A distributed ledger often referred to as blockchain or distributed ledger technology (“DLT”), has a wide variety of potential uses and is currently being touted as a helpful tool for tracking financial transactions such as issuing and trading stock. Nonetheless, the nature of DLT raises some interesting jurisdictional questions and concerns.
At its core, a distributed ledger is a digital transaction record that is shared with multiple computers (also known as nodes) on a decentralized network. Distributed ledgers are often promoted as being almost immutable because the contents of each ledger are verified by each node on the ledger’s network. In order for the ledger to be altered, the nodes on the network must reach a consensus that the proposed change is, in fact, a valid change. Thus no centralized entity must be responsible for the contents of the ledger. The lack of centralized control purportedly makes DLT more difficult for hackers to compromise and, therefore, safer than traditional record-keeping methods. However, this lack of centralization may create jurisdictional issues for DLT.
The very definition of a distributed ledger requires that it not be located in a specific physical place. Instead, to be a distributed ledger, the ledger must be located on multiple nodes. Those nodes can, in turn, be physically located anywhere. As there is currently no uniform method for determining where a distributed ledger is located, there are likely to be disagreements about which jurisdiction governs a distributed ledger in the future.

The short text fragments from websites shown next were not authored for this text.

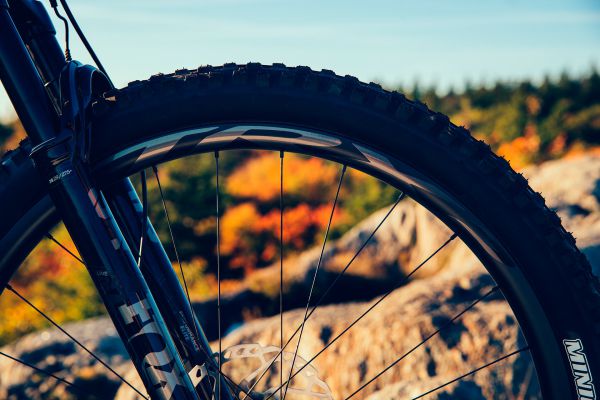 Giant Trance 29 2022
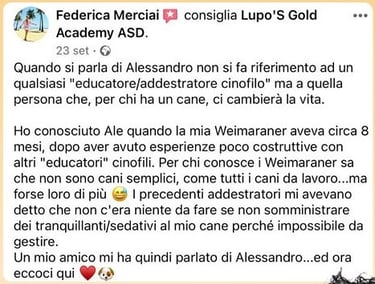 cuccioli sharpei campania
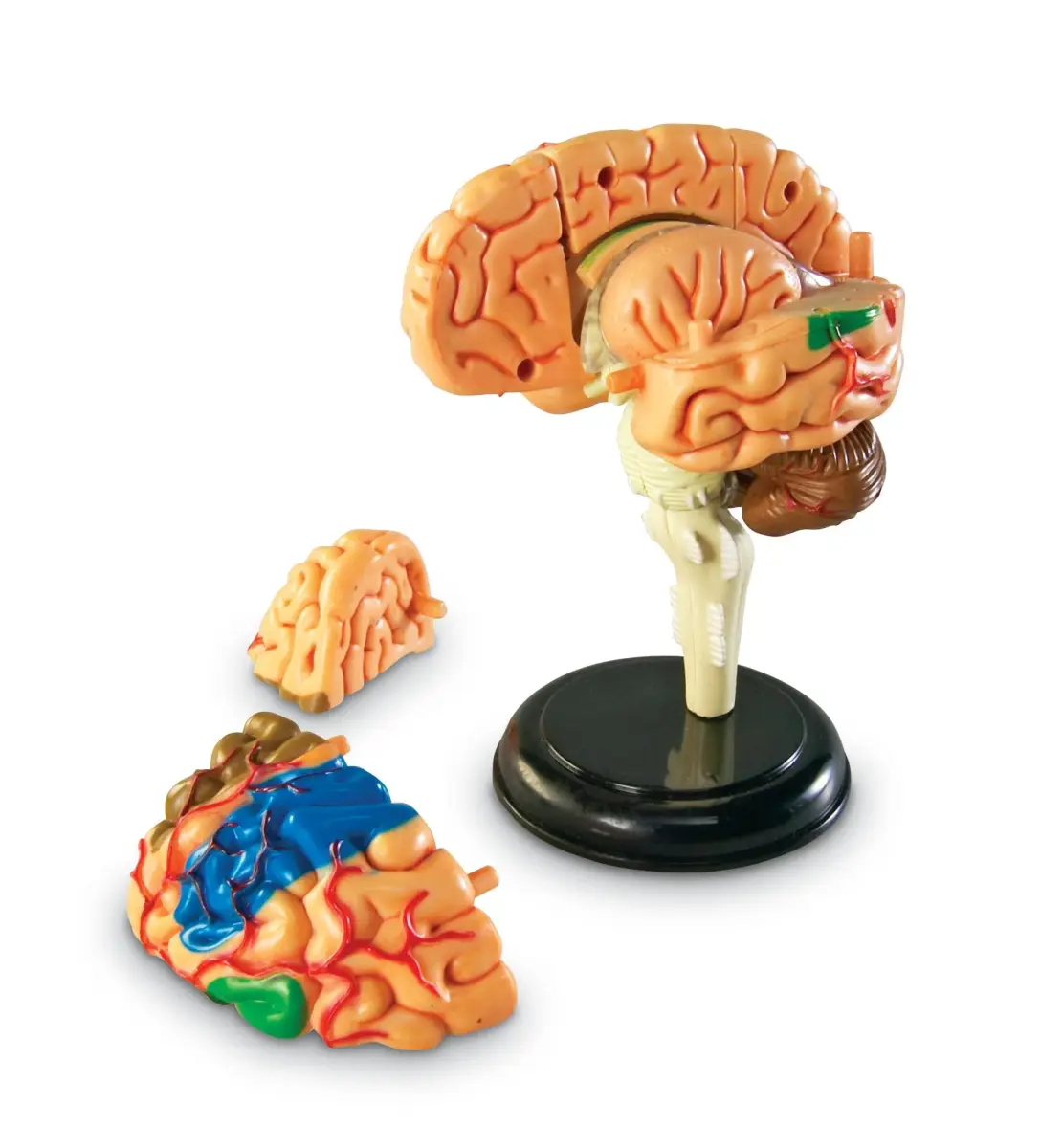 Learning Resources 31-Piece Human Anatomy Brain Model | 9.35 x 6.71 x 2.24 inches (23.7 x 17.0 x 5.7 cm) - view 2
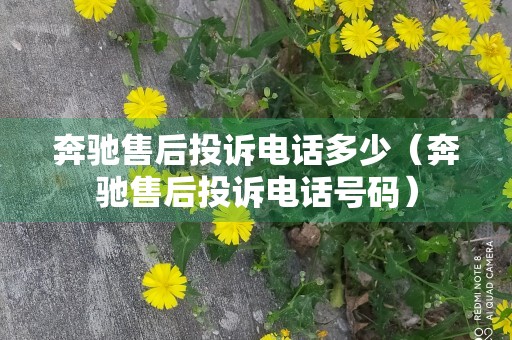 奔驰售后投诉电话多少（奔驰售后投诉电话号码）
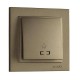 ⚡Кнопка для света с подсветкой серии Despina (Mono Electric). Цвет Бронза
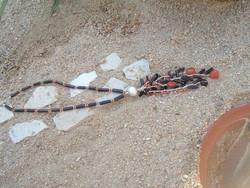 DSCF1298.JPG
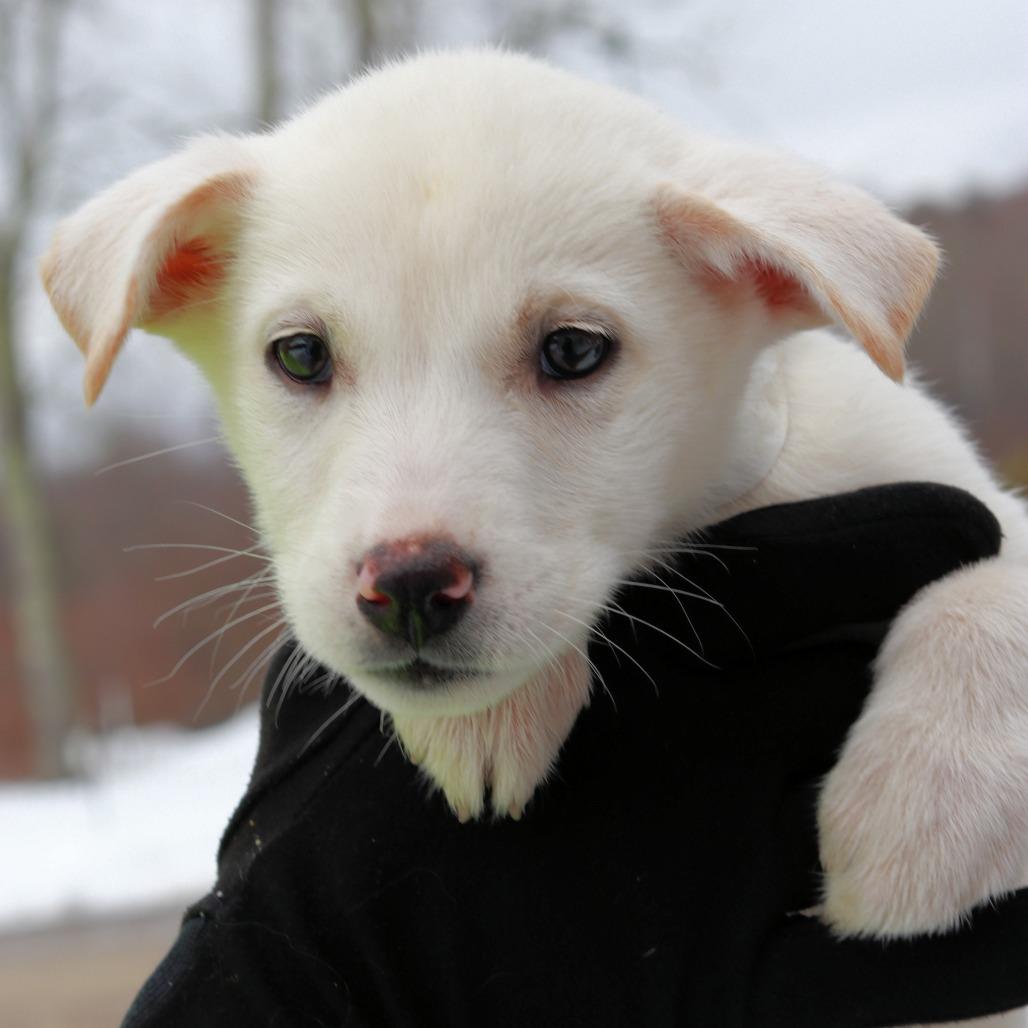 Enlarge CT Noelle, a Adoptable mixed breed in Stormville, NY image 3/3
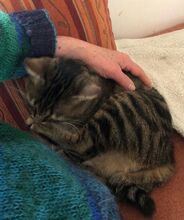 REINA, Katze, Europäisch Kurzhaar in Dassendorf - Bild 7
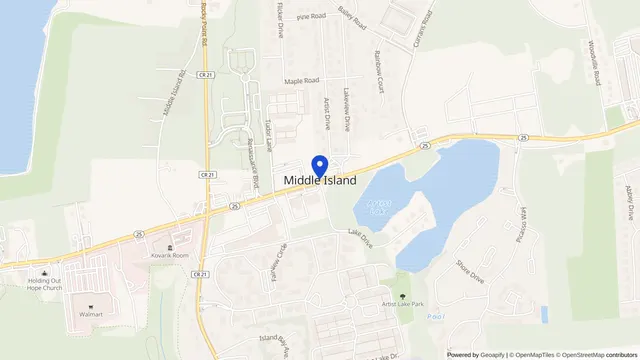 Mapa que muestra la ubicación de Lake View en 63 Oak Crest Avenue, Middle Island, NY 11953 — DachiPlus ofrece transporte médico aquí.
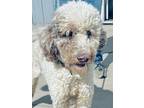 Adopt Oodle a Poodle (Standard) dog in Windsor, CO (41506194)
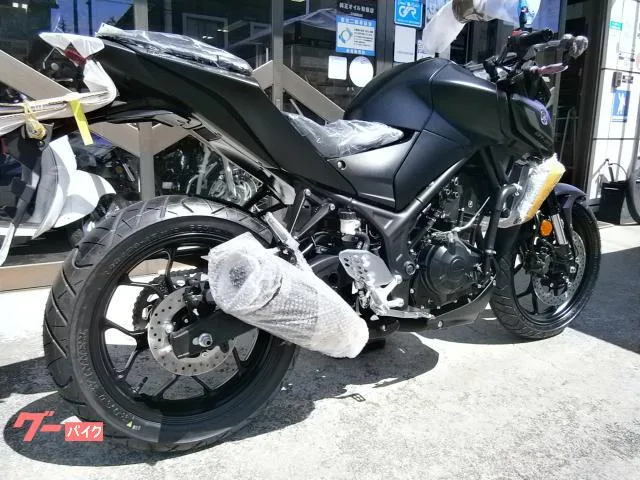 Yamaha MT-25 ABS 2023 — миниатюра 4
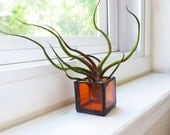 Single Tillandsia Bulbosa Air Plant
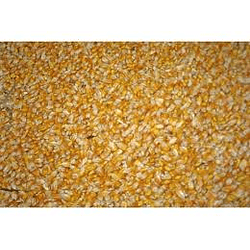 Saco Maiz Chancado Grueso 25 Kg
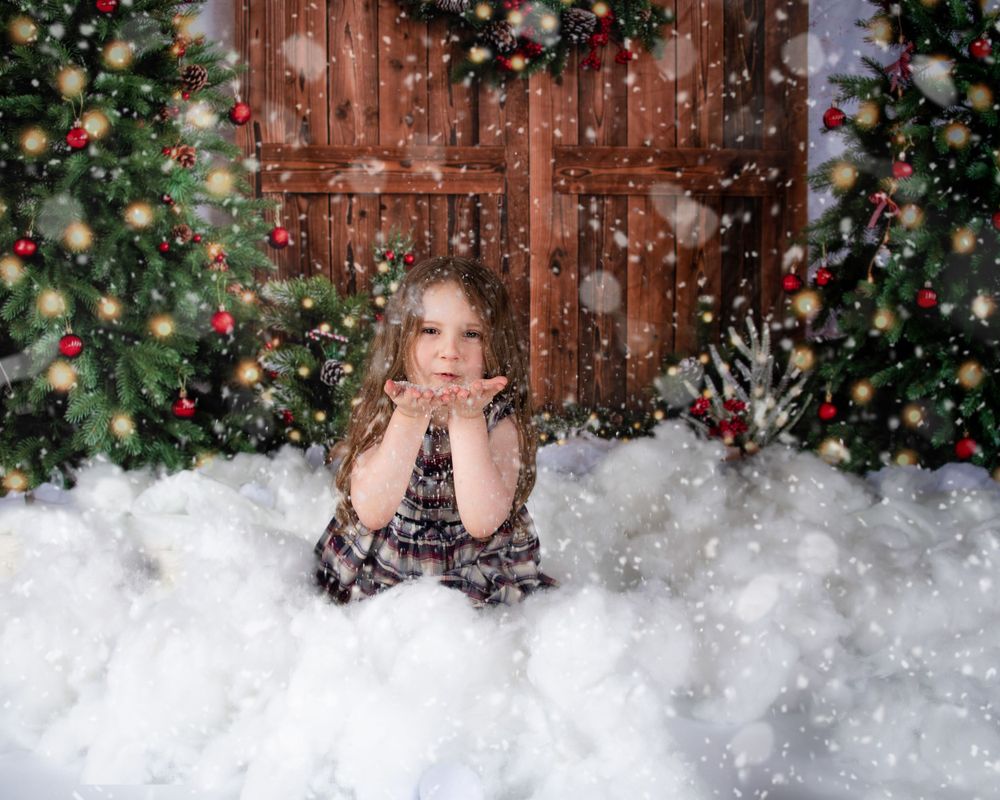 Christmas Mini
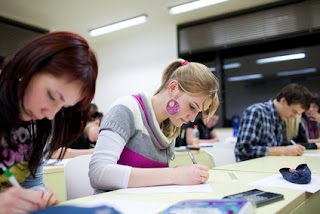 L'Angolo dello Studente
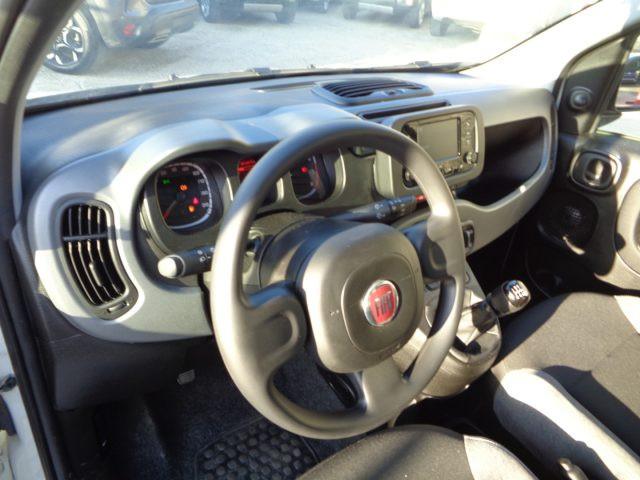 FIAT New Panda 1000 HYBRID CITY LIFE 70CV STEREO USB ITALIA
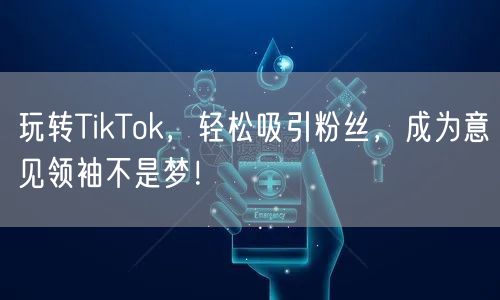 玩转TikTok，轻松吸引粉丝，成为意见领袖不是梦！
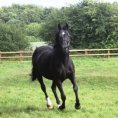 Rhaja at 18 years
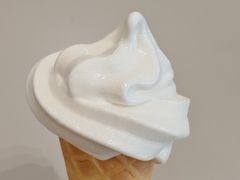 -汉堡王(徐汇绿地缤纷店)
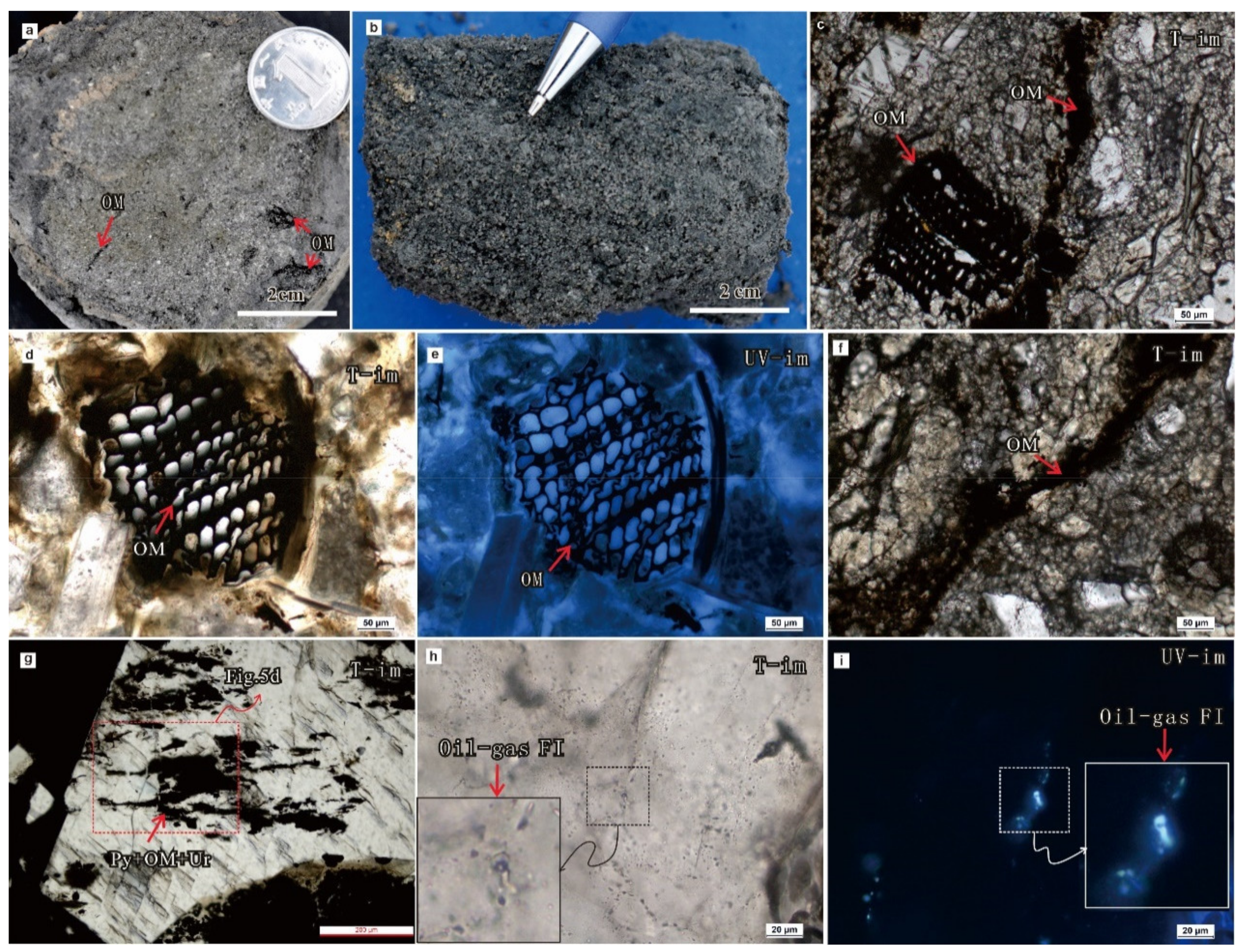 Minerals 11 00532 g005 Minerals 11 00532 g005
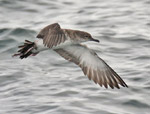 Black-vented shearwater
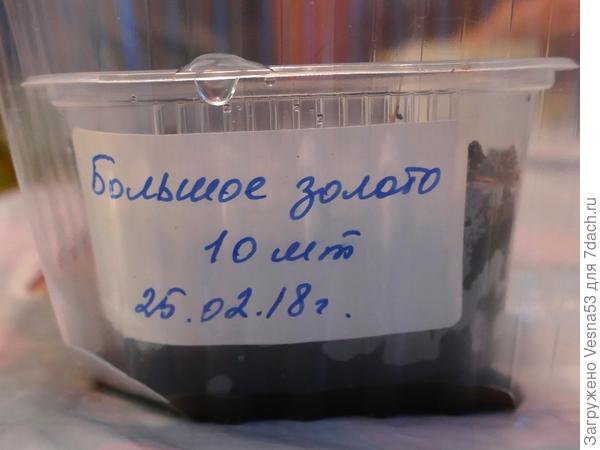 Контейнер помечен этикеткой с наименованием сорта и сроком посева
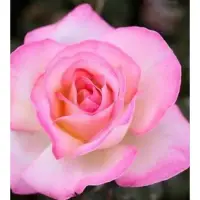 在飛比找蝦皮購物優惠-玫瑰天地 3吋品種玫瑰苗 一箱最多8盆 摩納哥公主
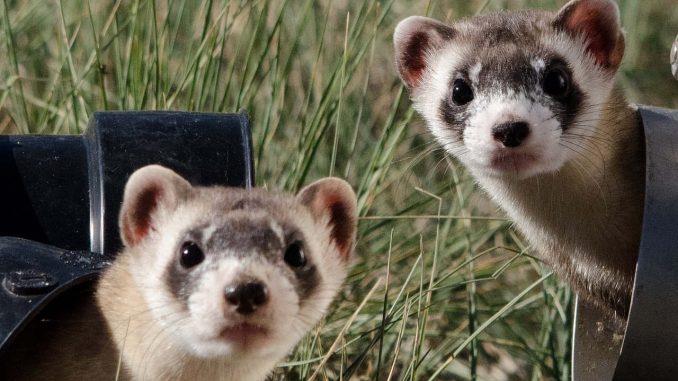 Black-footed Ferret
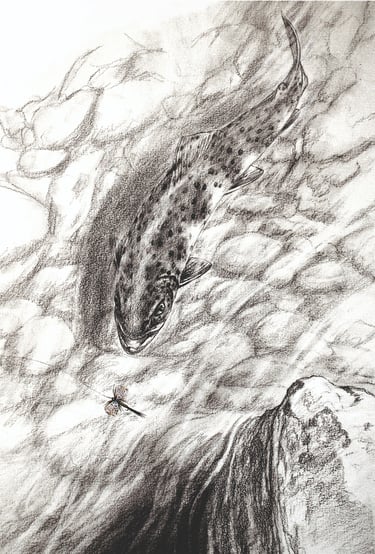 Présentation galerie "Eau". Tableau "Truite et mouche de mai", technique,  Fusain.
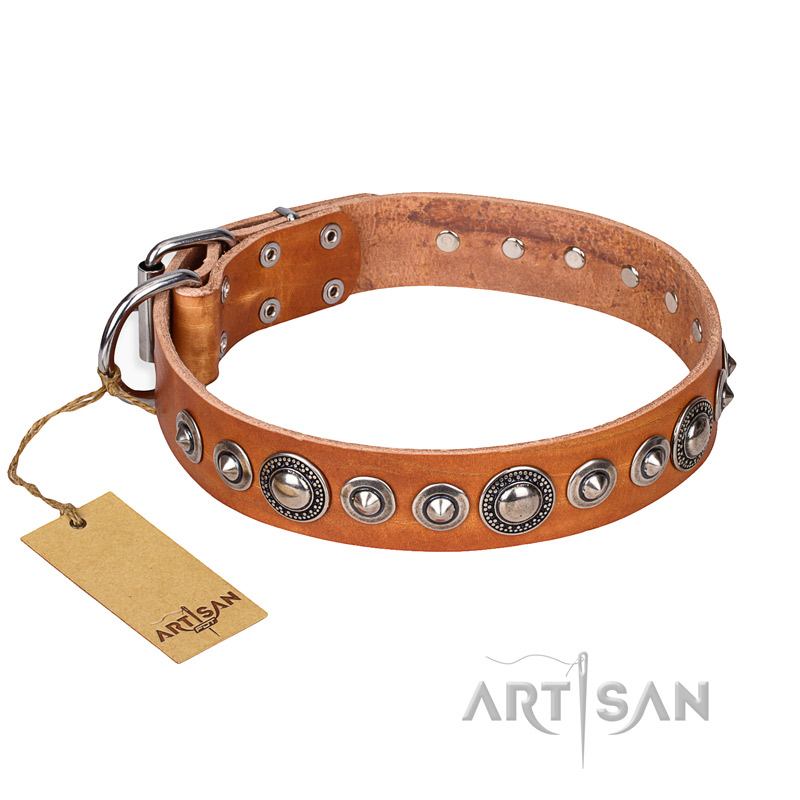 "Daily Chic" FDT Artisan Tan Leather English Bull Terrier Collar with Decorations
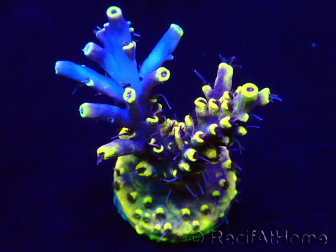 WYSIWYG Acropora Marikultur akklimatisiert LED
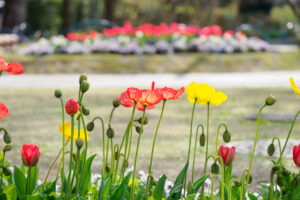 石橋文化センターの季節の花の写真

For example, if a distributed ledger is maintained on nodes that are located in different states or different countries, each of those governments could attempt to assert jurisdiction over the ledger based on the node’s physical presence. If multiple governments assert jurisdiction and attempt to force the ledger to comply with their laws and regulations, the ledger could be subjected to a multitude of differing and even conflicting legal requirements. The difficulties and complications associated with attempting to comply with the laws of multiple jurisdictions would likely decrease the efficiency of the distributed ledger or, worse, render it completely useless. Of course, a distributed ledger may be able to avoid such jurisdictional issues by being maintained only on nodes located within the same jurisdiction. Alternatively, the creator of the distributed ledger may be able to establish a choice of law provision that applies to all of the nodes on the ledger’s network. The expansive and cross-jurisdictional nature of DLT, however, suggests jurisdictional disputes regarding the governance of distributed ledgers will emerge as the use of DLT increases. Therefore, anyone creating a distributed ledger or utilizing DLT should be cognizant of the jurisdictional issues that may arise if the distributed ledger is maintained by nodes in multiple jurisdictions.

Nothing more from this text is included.